Ecstasy changes everything. The body is no longer heavy and slow; the mind stops experiencing its background music of sadness and fear. There is a dropping away of personality, replaced by the sweetness of nectar. This sweetness can linger a long time in the heart—some people say it can be tasted like honey in the mouth—but when it leaves, you know beyond doubt that you have lost the now. In the mind’s scrapbook, you can insert a picture of perfect bliss, and that becomes like the first taste of ice cream, an unattainable goal you keep running after, only to find that ecstasy remains out of reach.
The secret of ecstasy is that you have to throw it away once you’ve found it. Only by walking away can you experience the present moment again, the place where presence lives. Awareness is in the now when it knows itself. If we take away the vocabulary of sweetness and bliss and nectar, the quality that is missing in most people’s lives, the biggest thing that keeps them from being present, is sobriety. You have to be sober before you can be ecstatic. This isn’t a paradox. What you’re hunting for—call it presence, the now, or ecstasy—is totally out of reach. You cannot hunt it down, chase after it, command it, or persuade it to come to you. Your personal charms are useless here, and so are your thoughts and insights.

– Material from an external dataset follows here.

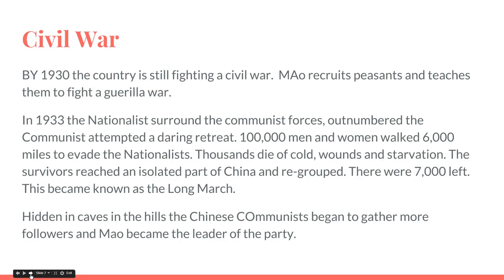By 1930, the country was still fighting a pretty gnarly civil war. Mao was recruiting peasants and teaching them guerrilla warfare. They didn't have the resources the Nationalists had, and the Nationalists were getting some support from the United States. Guerrilla warfare means sneak up, hit them, maybe steal some of their guns, and get out — not meeting on an open battlefield, but sneak attacks and retreating, over and over, until you eventually wear out your enemy because they're exhausted and can't figure out where you're coming from. It's what worked in Vietnam.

Sobriety begins by realizing, in all seriousness, that you have to throw away almost every strategy that you’ve been using to get what you want. If that’s at all intriguing, then carry out your sober intent to release those futile strategies as follows:
SPIRITUAL SOBRIETY
Getting Serious About Being in the Present
Catch yourself not paying attention.
Listen to what you’re actually saying.
Watch how you react.
Remove yourself from the details.
Follow the rise and fall of energy.
Question your ego.
Immerse yourself in a spiritual milieu.
These instructions could come directly from a ghost hunter’s handbook, or the hunter of unicorns. The present moment is more elusive than either, but if you want to get there passionately enough, sobriety is the program you need to set up.
Not paying attention: The first step is neither mystical nor extraordinary. When you observe that you’re not paying attention, don’t indulge your wandering. Come back to where you are. Almost instantly you’ll discover why you wandered away. You were either bored, anxious, insecure, worrying about something else, or anticipating a future event. Don’t evade any of those feelings. They are ingrained habits of awareness, habits you have trained yourself to follow automatically.